TASK OBJECTIVE. Line by line, restate the material word for word, omitting any image.

AVAILABLE DATA.
=-=-=
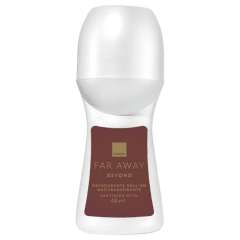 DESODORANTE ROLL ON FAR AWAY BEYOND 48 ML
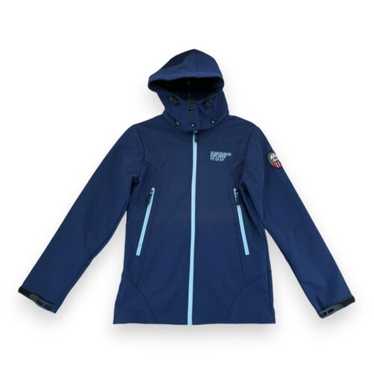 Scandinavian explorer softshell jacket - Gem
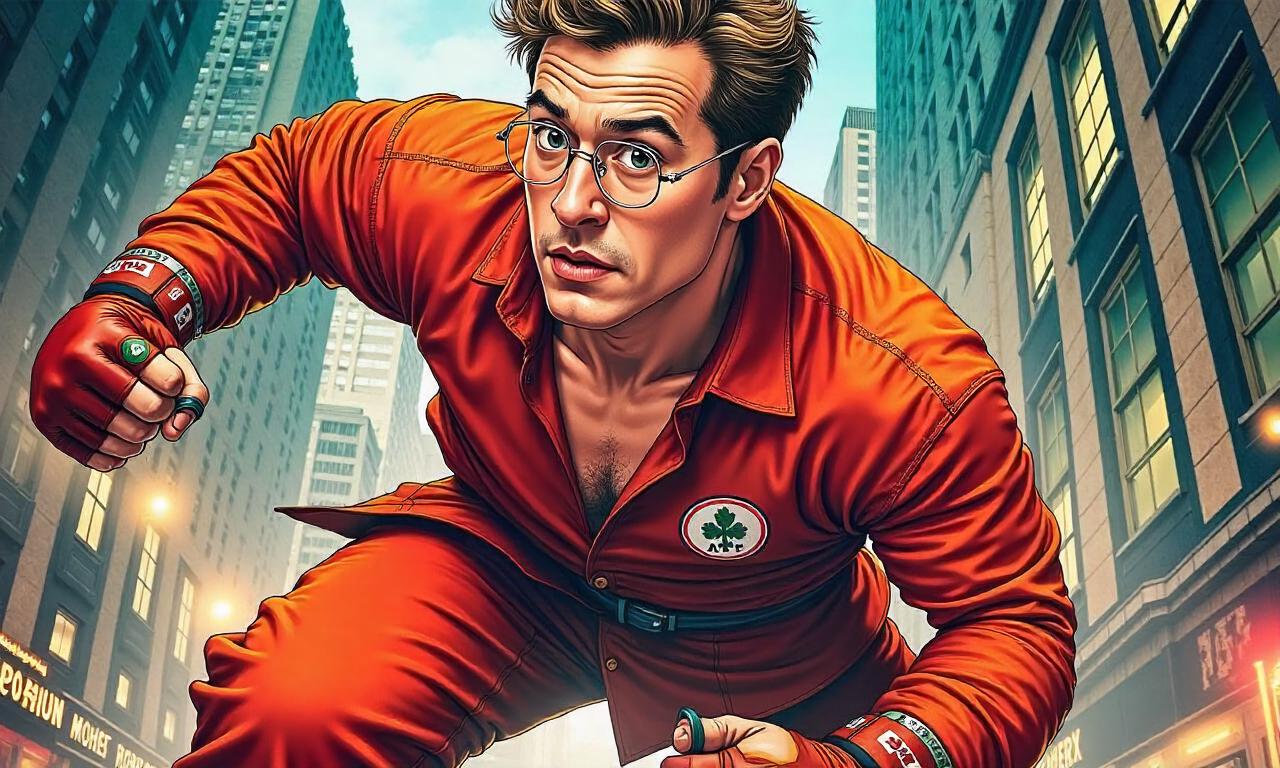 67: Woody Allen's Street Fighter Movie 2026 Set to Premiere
=-=-=
EXERCISE SOLUTION.
 DESODORANTE ROLL ON FAR AWAY BEYOND 48 ML
 Scandinavian explorer softshell jacket - Gem
 67: Woody Allen's Street Fighter Movie 2026 Set to Premiere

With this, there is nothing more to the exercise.